Insert: Stu’s sheep-killing knife. Main photo: They make soup out of this fucker’s head. Photos by Neil Thomson
One of the main delicacies on Barra is black pudding. It’s a tasty sausage of blood, fat and oats. We met a fisherman called Stu and his brother in-law Ian and they told us, over about 15 whiskies, how best to make it. That and another delicacy, sheep’s head soup.
Stu: See, when you kill a ram, or a beast or whatever. First thing you get the blood. Snick (motions slicing the jugular). Then you get the fat. The fat is like a quilt around the stomach. You’ve got to pull the fat out of it and put it in a basin. You have two basins, the blood and the fat, they’re both half full. Then you get the stomach.
Ian: You take the stomach out whole then you take it down the shore. You put the stomach on top of a rock, then take a rock the size of your hand and rub it like “Skrr skrr skrr” (mimics rubbing two rocks against the sheep’s stomach bag) and that takes all the impurities out and it adds a salty taste. After that you boil the sheep’s stomach for about two hours.

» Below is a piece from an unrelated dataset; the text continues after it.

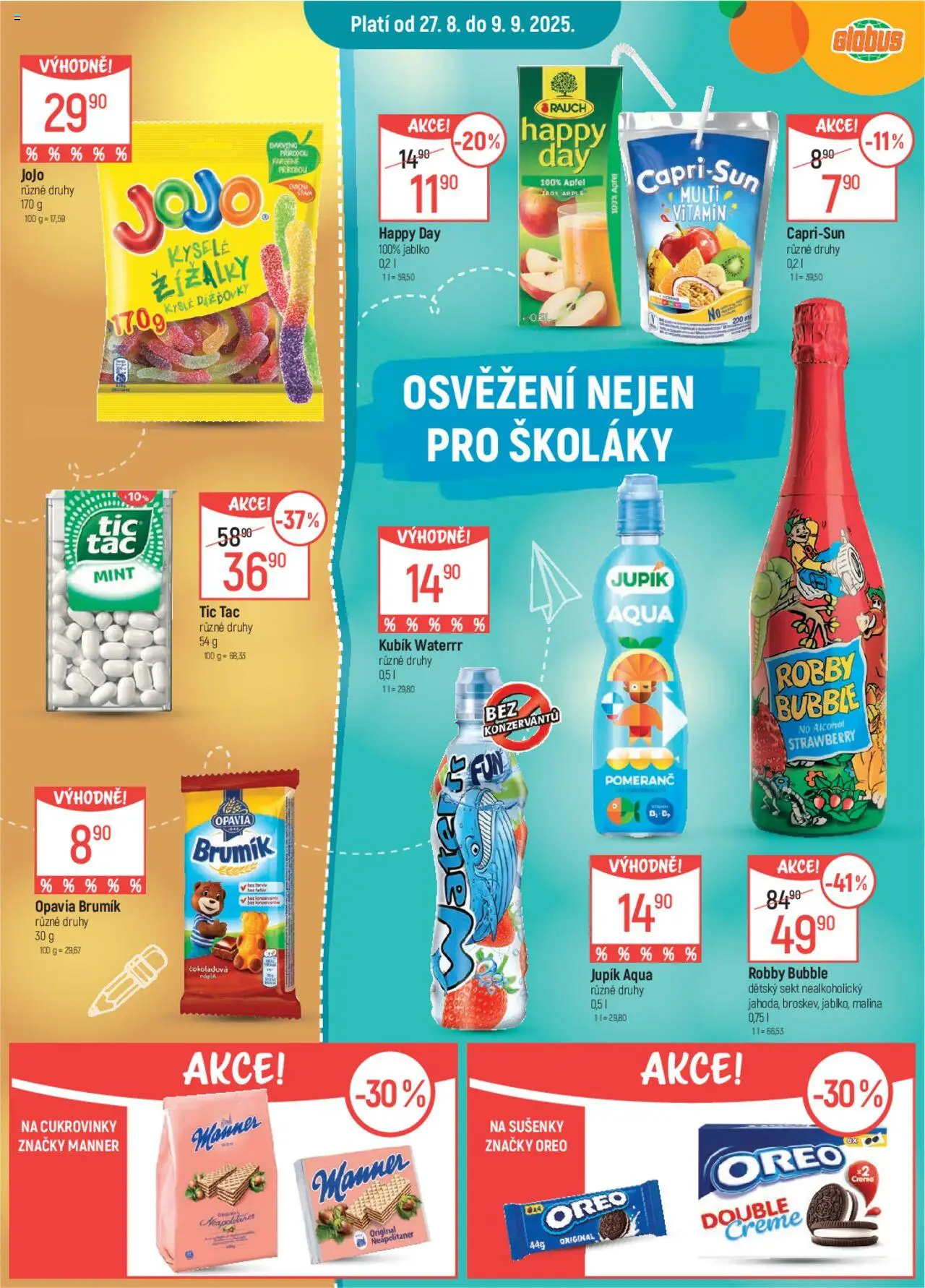 Globus leták od 27.08.2025 | Strana: 15 | Produkty: Sekt, Tác, Oreo, Kubík Waterrr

Stu: Then you put all the blood and the fat in there. You don’t need herbs or spices. The main thing is getting the blood out of the beast. The blood is a bugger y’know. You have to tie together three legs.
Ian: So one leg can kick the blood out into the bucket or the basin. It can be held up to the beast or left on the floor. Up to you. Some people don’t do it with the leg kicking out. If you don’t give a shit about bubbles in the blood it’s up to you. The bubbles make it congeal.
Ian: You can also have Mannick, which is white haggis, which is blood free. So that’s basically the vegetarian’s black pudding. But with the fat and it’s in a stomach. Another delicacy here is sheep’s head soup. Basically you get a bowl, you put methylated spirit on the sheep’s head to burn off the hair. You get this blue, invisible-ish flame with the head that’s been cut off the carcass that’s been hanging in the shed. You burn off as much of the hair on the ears or the face and you’re burning off all the blemishes as well. Then you scrape off with a knife what’s left, then you douse with water, and put the stuff in there. Because the sheep’s head makes the best stock. Have you ever had sheep’s head soup Stu?
Stu: Aye, and I’ll never have it again. Killing a sheep, meeeaaaah (mimics the sound of a sheep having its throat cut) it’s not a nice sight. You cannot be squeamish y’know.